=== Section Start ===
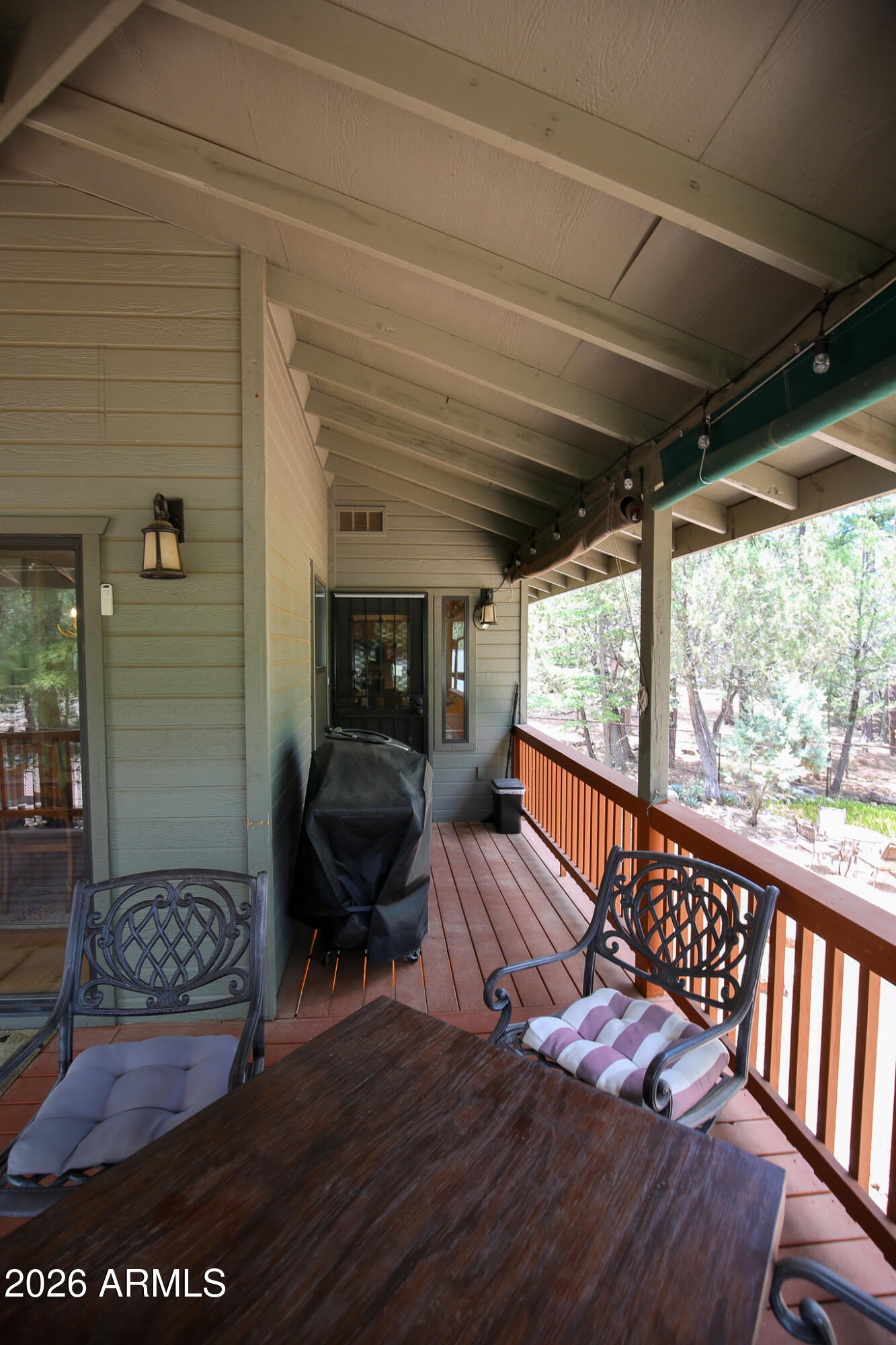 SOLITUDE PINES 1 - Residential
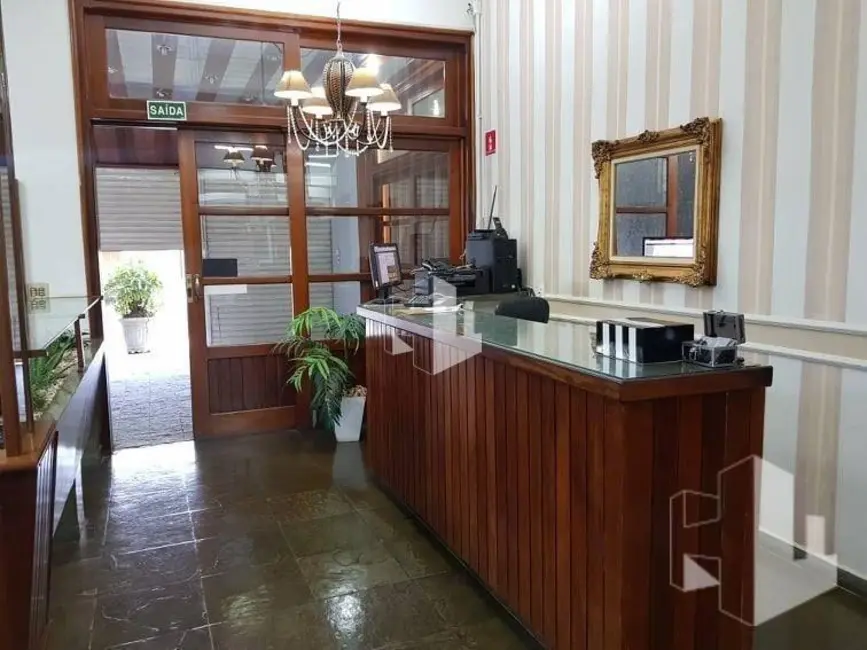 Foto 2 de Sala Comercial para alugar, 456m2 em Vila Nova, Jau - SP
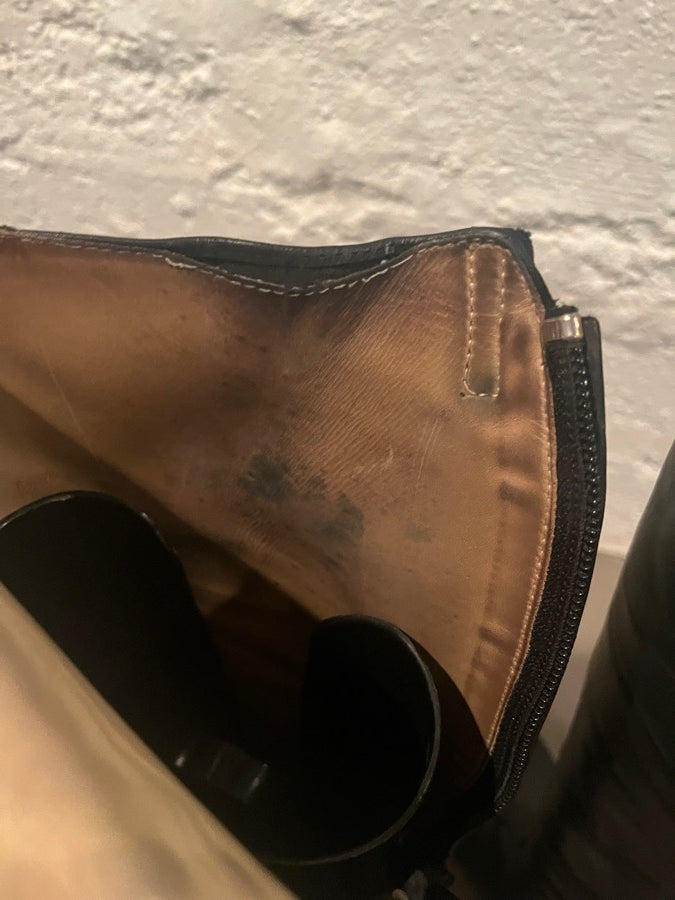 TUCCI Tucci Marilyn Boots (3)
=== Section End ===
_Exercise details_: Could you write out exactly the lines from the line containing "Foto 2 de Sala" to the end of the material, and nothing else? No pictures belong in the copy.

_Your response_:
 Foto 2 de Sala Comercial para alugar, 456m2 em Vila Nova, Jau - SP
 TUCCI Tucci Marilyn Boots (3)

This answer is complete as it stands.